Power corrupts, as Lord Acton wisely pointed out, and absolute power corrupts absolutely.
While the federal prosecutors seem to have been careful in documenting the activities of “Client 9” of an alleged international prostitution business, it is wise to withhold judgment as to the governor’s culpability. He has not been charged with any crime, and if he is, he is to be considered innocent until proven guilty.
But he has admitted that his action “violates my — or any — sense of right or wrong.”
It’s also worth noting that in a saner and freer society, prostitution, so long as it is carried on between consenting adults, while it might be viewed as immoral, would not be subject to the criminal law.
Criminalizing prostitution, in fact, makes it more likely that unfortunate and genuinely social corrosive aspects of the trade, such as coercion and violence, will occur.
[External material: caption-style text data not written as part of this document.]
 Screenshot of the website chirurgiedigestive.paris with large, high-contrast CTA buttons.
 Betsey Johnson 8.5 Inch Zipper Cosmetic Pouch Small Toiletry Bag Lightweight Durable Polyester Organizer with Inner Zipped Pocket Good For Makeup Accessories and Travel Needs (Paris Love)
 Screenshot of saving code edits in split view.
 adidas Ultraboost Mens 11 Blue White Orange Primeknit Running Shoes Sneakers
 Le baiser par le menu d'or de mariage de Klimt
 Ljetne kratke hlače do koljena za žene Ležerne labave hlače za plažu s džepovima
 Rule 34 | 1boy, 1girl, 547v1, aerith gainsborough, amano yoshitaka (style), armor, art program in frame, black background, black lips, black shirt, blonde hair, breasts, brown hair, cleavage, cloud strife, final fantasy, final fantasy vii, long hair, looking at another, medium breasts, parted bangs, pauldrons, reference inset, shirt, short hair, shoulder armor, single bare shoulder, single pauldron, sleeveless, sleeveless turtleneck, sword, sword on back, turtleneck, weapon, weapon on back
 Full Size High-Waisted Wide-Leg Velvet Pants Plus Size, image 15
And the 1910 Mann Act, which makes it a federal crime to transport people across state lines for prostitution or “immoral purposes,” is an expansion of central government power for which no warrant can be found in the U.S. Constitution properly understood.
However, we do not live in that saner and freer country, we live in a country with the laws it has. And Spitzer built his career in public life as an aggressive enforcer of the laws that are on the books, sometimes stretching the original meaning of the laws to reach preferred targets of his prosecutorial enthusiasm.
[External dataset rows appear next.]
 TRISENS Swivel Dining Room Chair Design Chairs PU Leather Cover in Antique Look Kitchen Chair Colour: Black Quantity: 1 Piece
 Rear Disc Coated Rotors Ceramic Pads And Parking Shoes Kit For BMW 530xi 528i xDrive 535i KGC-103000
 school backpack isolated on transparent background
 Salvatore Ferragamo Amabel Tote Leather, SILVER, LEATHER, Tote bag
As attorney general he presided over the breaking up of at least two prostitution rings, accompanied by suitably indignant and moralistic statements from him. It somehow seems fitting, then, that a man who sometimes used dubious laws in dubious ways to advance his political career should be brought low by his own (alleged) violation of dubious laws.
Spitzer’s cynical attitude toward the proper use of the law was foreshadowed during his career as attorney general. He set out to develop a reputation as the “scourge of Wall Street,” trading on widespread envy and resentment toward those seen as greedy and overreaching, but he often did so in thuggish and legally dubious ways. One example will serve:
Spitzer in 2005 set out to get Maurice “Hank” Greenberg, then chairman and CEO of AIG insurance company, and he coerced the AIG board into firing Greenberg by threatening to file criminal charges against the company as a whole, a corporate death sentence.
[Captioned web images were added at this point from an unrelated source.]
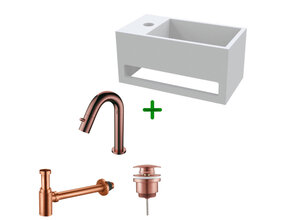 Aloni Fonteinset Mila Geborsteld Koper Links Fontein met handdoekhouder Solid surface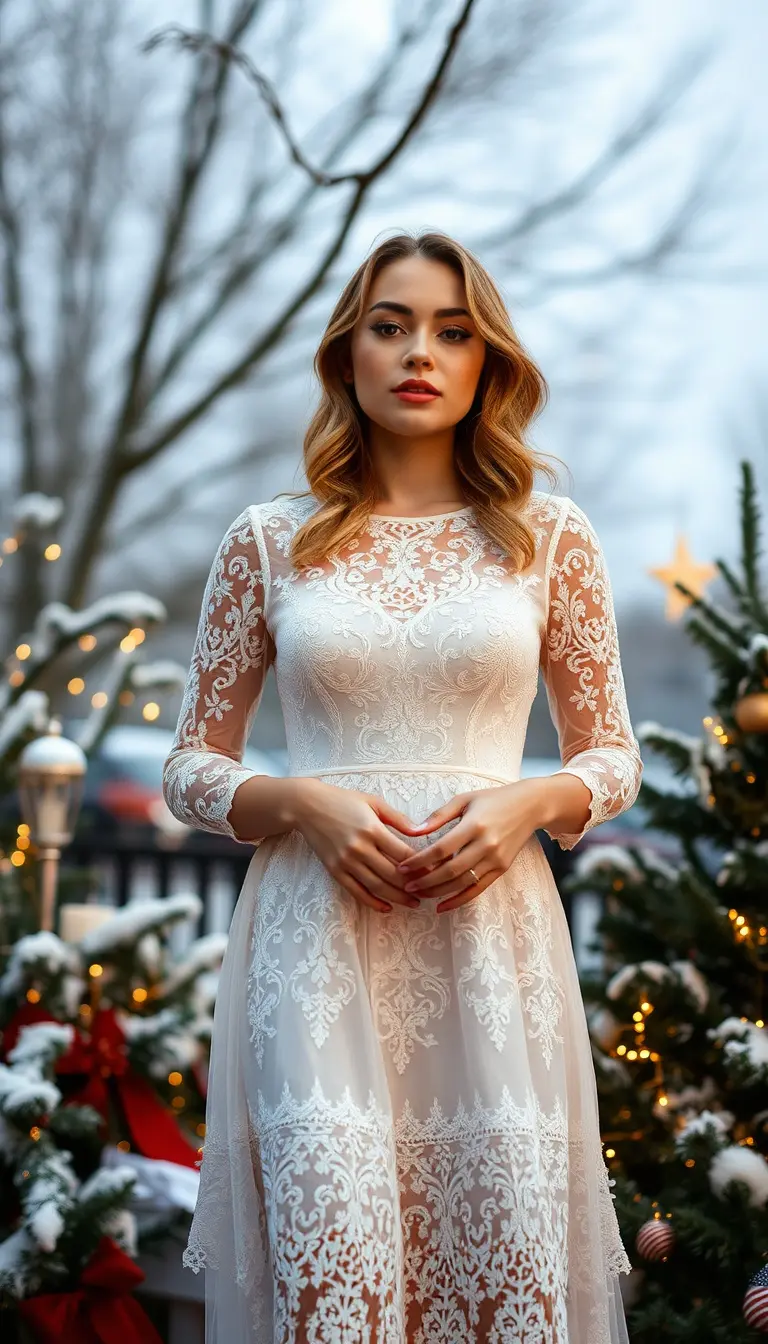 White Christmas Lace Dress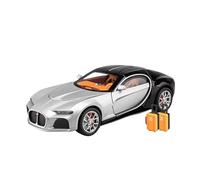 XGFFBAGB Modèle De Voiture De Sport en Alliage Moulé sous Pression À L'échelle 1:24, Jouet Sonore Et Lumineux, Cadeau(Silver Black,with Box)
Then, before charges were filed, he went on national television and accused Greenberg of “fraud” that was “illegal,” the only question being whether it was civil or criminal. But Spitzer never did file charges.
When John Whitehead, former chairman of Goldman Sachs, wrote an op-ed critical of this action, Spitzer called him on the phone and said (according to Whitehead’s notes, written down immediately after): “Mr. Whitehead, it’s now a war between us, and you’ve fired the first shot. I will be coming after you. You will pay the price. This is only the beginning and you will pay dearly.”
In short, Spitzer, by many accounts, was more than a bit of a bully, and used his position as attorney general — and later as governor — in a bullying fashion.
In Greek myths, hubris is almost always punished. Spitzer has already been punished severely and it is almost irrelevant whether the legal system moves against him.
His example should be a warning to all of us, however, to beware of people who use morality and uprightness as weapons against others rather than as guides for their own behavior.